Телешев понемногу начинал раздражаться.
— Не забывайте, прапорщик, что я командир сотни, а вы мой младший офицер.
— Может быть, встать перед тобой?
— И встанешь!
— Пока мы наедине, Тихон, не будет этого. А знаешь, между нами говоря, в тебе способнейший специалист пропадает.
Тихон успокаивается и интересуется:
— Что ты имеешь в виду?
— Палач из тебя хороший вышел бы!
Тихон визгливо орет:
— Вы забываетесь, прапорщик!
Нужно сказать, никто из старых кадровых офицеров полка, кроме ротмистра Желиховского, никогда не бил солдат. Я об этом знал. Били вахмистры и молодые прапорщики. Но первенство между ними, безусловно, держал Тихон.
Я сговорился с адъютантом командира батальона прапорщиком Брыковым, и мы устроили против Телешева маленький заговор. В успехе его я не сомневался, так как Белавин благоволил веселому, общительному Брыкову.
Однажды на офицерских занятиях в батальоне Брыков с невинным видом спросил подполковника Белавина:
— Господин полковник! А ведь в уставе не все необходимое предусмотрено о начальниках и подчиненных и о правах начальников.
— Что вы имеете в виду, прапорщик? — недоумевал подполковник.
— А вот право офицера бить по лицу солдат и унтер-офицеров. Ведь есть подобные случаи и у нас, — тут Брыков намеренно запнулся, — а в уставах это не предусмотрено.
— В уставах, прапорщик, к вашему сведению, все предусмотрено, что необходимо, А тот, кто нарушает устав, подлежит ответственности по закону. В первом батальоне, я надеюсь, не может и не должно быть случаев мордобоя!
— Так точно, господин полковник, не должно, — с невинным видом отвечал Брыков, поглядывая на Телешева, который сидел ни жив ни мертв.
— А если будут, прикажете докладывать вам, господин полковник?
— Да! По команде!
— Ну что, Тихон Кириллович, — спрашивал я Телешева, — согласен ты с подполковником Белавиным, что мордобоя не может и не должно быть?
— Змея ты, а не человек, Мишка, — отвечал удрученный Тихон. — Живем вместе с тобой не один день, а тебя не раскусил: все это твои штучки.
Вскоре он чем-то заболел и был эвакуирован.
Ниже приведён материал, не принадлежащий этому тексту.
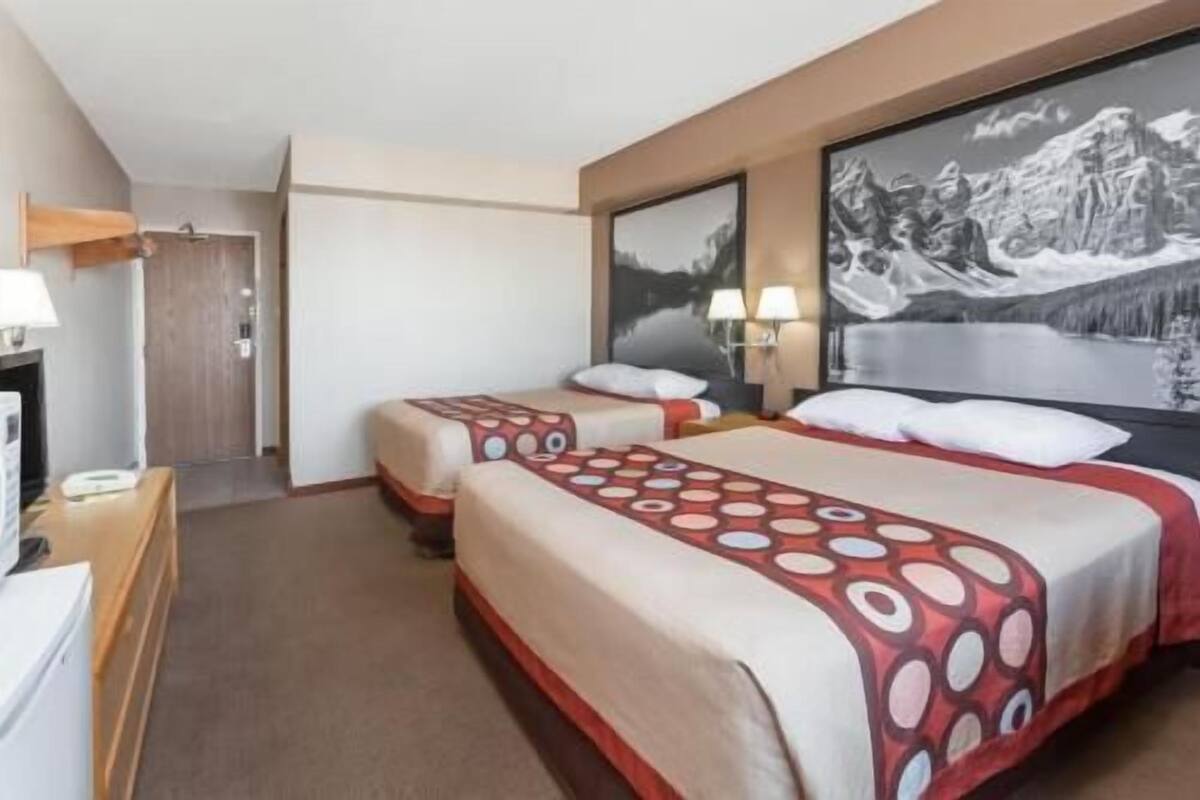 Ett hotellrum med två sängar, ett skrivbord, en stol och ett stort fönster med utsikt över bergen.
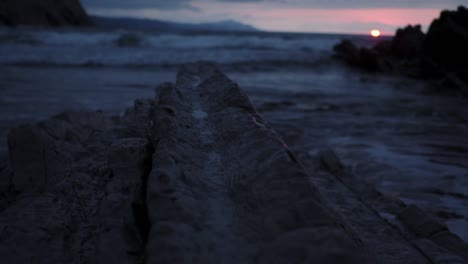 Rocky-seashore-with-waves-at-sunset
Через неделю мы отошли в дивизионный резерв, где мой приятель доктор Габай Ашурбек передал мне привет от Телешева.
— А где он?
— Эвакуировался в тыл. У него маленькая неприятность.
— Какая?
— Последствия залеченного, но невылеченного сифилиса. Начало сухотки спинного мозга.
В полках введены пятые батальоны, запасные. Командир пятого батальона полковник Соколов, по всей вероятности, пришел из отставки. Он еще бодр, умеет лихо козырять и почему-то особенно тянется перед командиром полка, к явному неудовольствию последнего.
Перед самой пасхой мы стояли на позиции, и в это время нас постигло большое несчастье. Прапорщик Грушко, несмотря на неоднократные напоминания, что немецкие снайперы особенно хорошо стреляют ночью по ракетчикам, по молодости лет и неопытности пренебрегал мнимой, как ему казалось, опасностью. Запасшись ракетным пистолетом и ракетами, во время своего дежурства он ходил по окопам и время от времени пускал ракету, рассматривая при ее свете межокопное пространство. Как-то ночью он, по обыкновению, стрелял из ракетного пистолета и на третьей ракете был убит пулей в лоб. Солдаты принесли его к нашей землянке. Мне было и горько, и досадно. Наконец решил: отомщу бошам за Станислава. У меня еще в школе прапорщиков обнаружились некоторые способности стрелка. Но не хватало выдержки, стрелял я очень быстро, и снайпер из меня едва ли получился бы. В полку я усовершенствовался в стрельбе из винтовки, а также из пулемета. Не теряя времени, я еще раз пристрелял свой карабин, десять раз проверил его, отобрал патроны и вышел на «охоту». В течение трех дней — ночью я не умел стрелять — я ранил и убил пять немцев, а может быть и шесть: в пяти случаях я знал, что моя жертва поражена, так как видел немца слегка подпрыгивающим, а потом и падающим, в одном же случае не был уверен в попадании. Немцы за мной тоже устроили «охоту». Но я не попался. Из романов Джека Лондона я знал, что не следует дважды стрелять с одного места. Я дополнил Д. Лондона: «и в одно время дня». Станислав был отомщен.